Goal of the exercise:
Please give back the lines from the line containing "Motherboard**Antec Gaming Case**" through the end of the listing below, exactly as written and without pictures.

Records shown:
^^^^

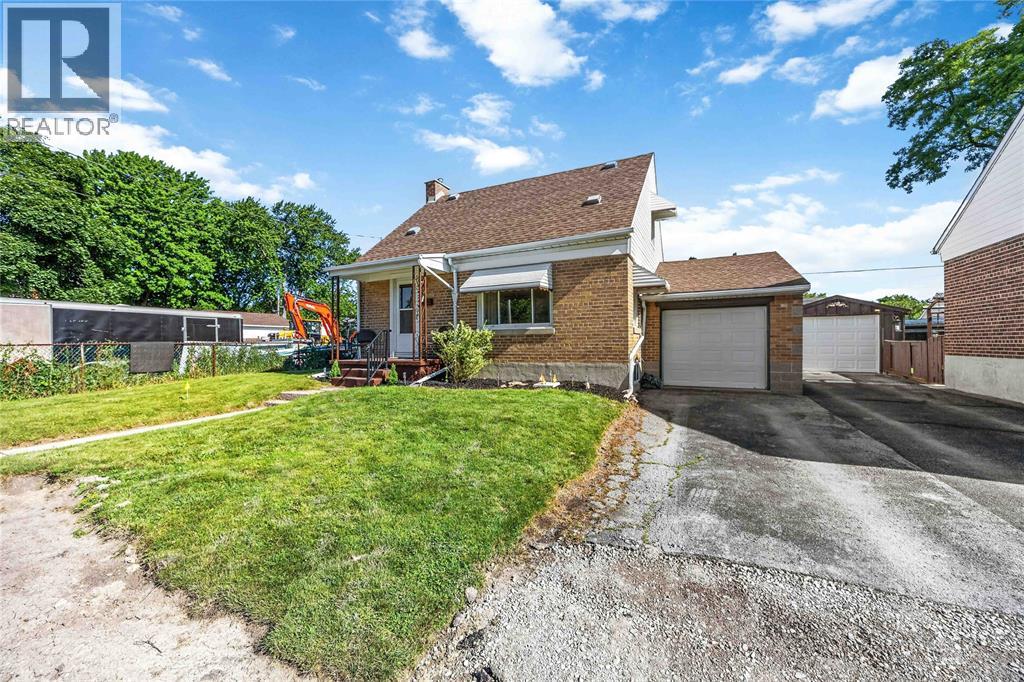 332 Cobden STREET - Photo 2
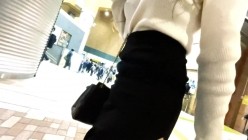 MLA-159 【裏垢女子をコテンパン！！】のはずが、、、高圧ジェット潮吹き！！無限性欲！！並のチ●ポじゃビクともしない鋼鉄のマ●コを持つ ハプバー荒らし の異名を持つ裏垢女子とハードピストン×5の大乱交SEX！！！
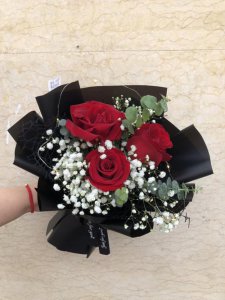 ​3朵玫瑰代表什么意思（玫瑰花介绍）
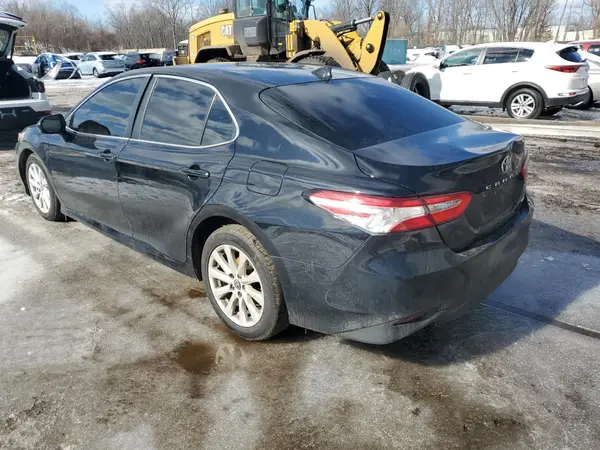 4T1C11AK8LU916935 2020 TOYOTA CAMRY - Image 2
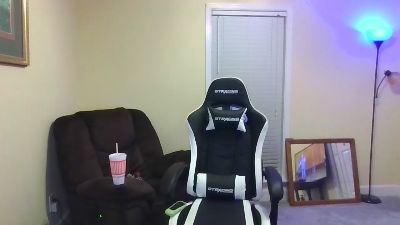 wesmeister69 live cam on Cam4
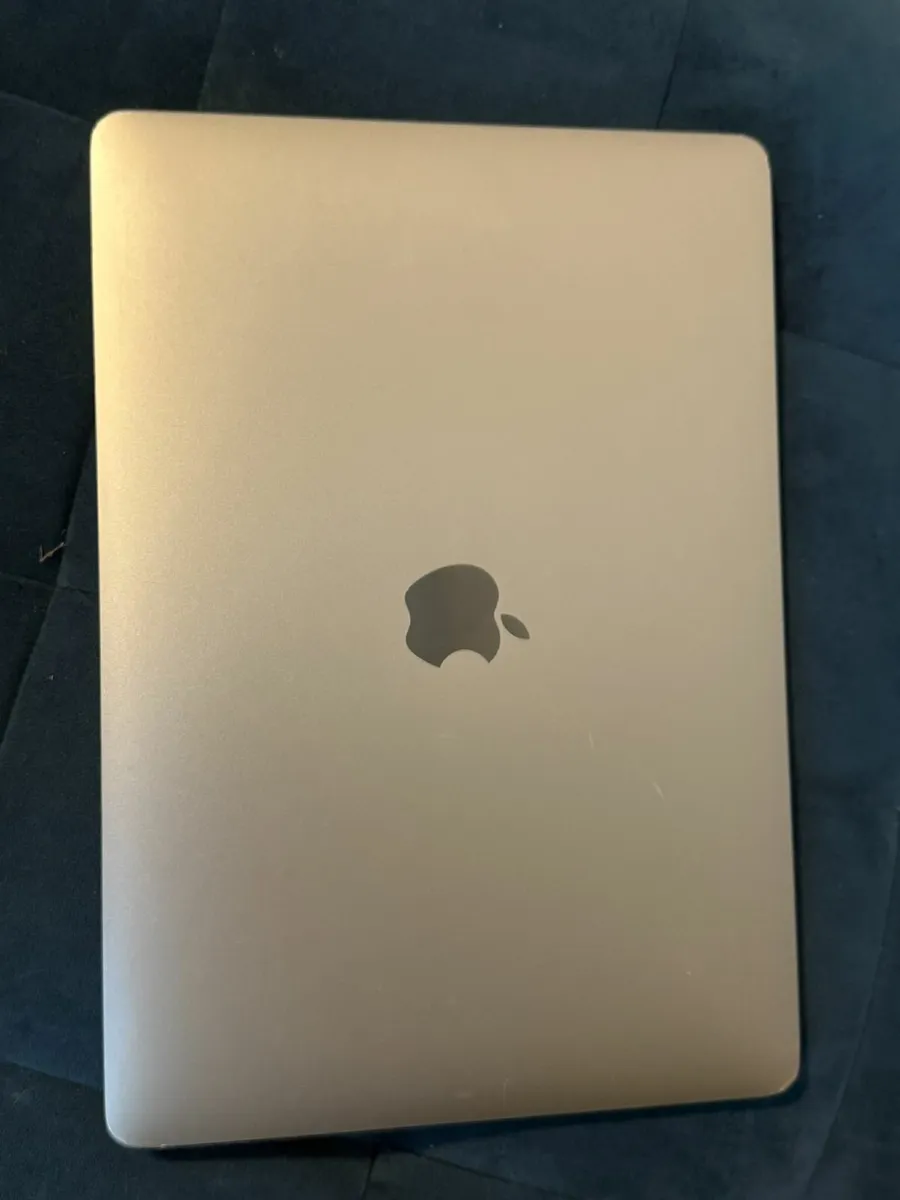 MacBook Pro 13" 2019 i7/16GB/512SSD/943c - Image 2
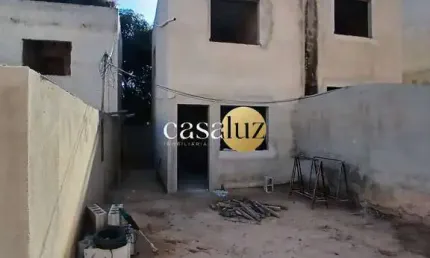 Casas em construções localizadas no bairro Jardim Rosário /Ibirité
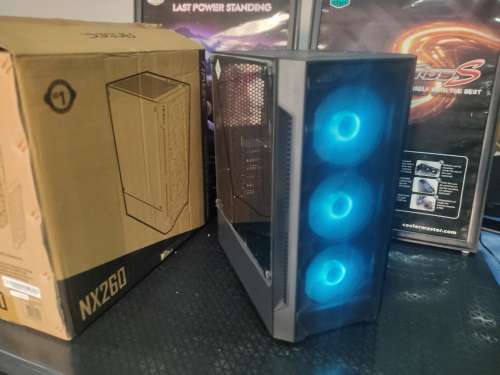 **Intel core i7**AMD HD8490 Graphics Card**8GB Ram**Asus Motherboard**Antec Gaming Case**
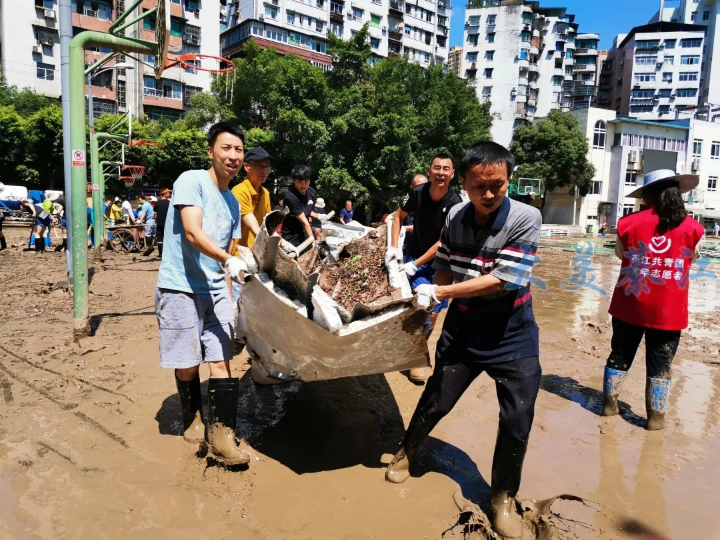 綦江新闻 正文6月22日,綦江流域遭遇1940年以来的最大洪水.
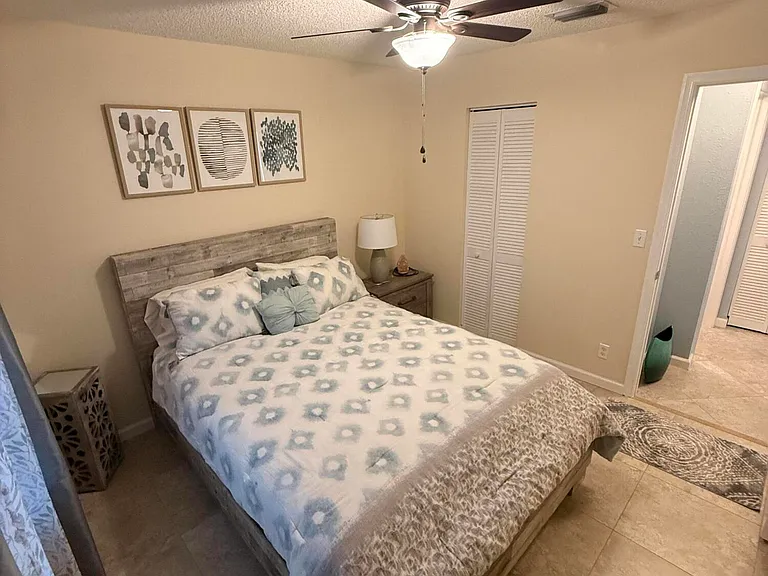 5584 Priscilla Ln — Photo 31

^^^^

Written solution:
 **Intel core i7**AMD HD8490 Graphics Card**8GB Ram**Asus Motherboard**Antec Gaming Case**
 綦江新闻 正文6月22日,綦江流域遭遇1940年以来的最大洪水.
 5584 Priscilla Ln — Photo 31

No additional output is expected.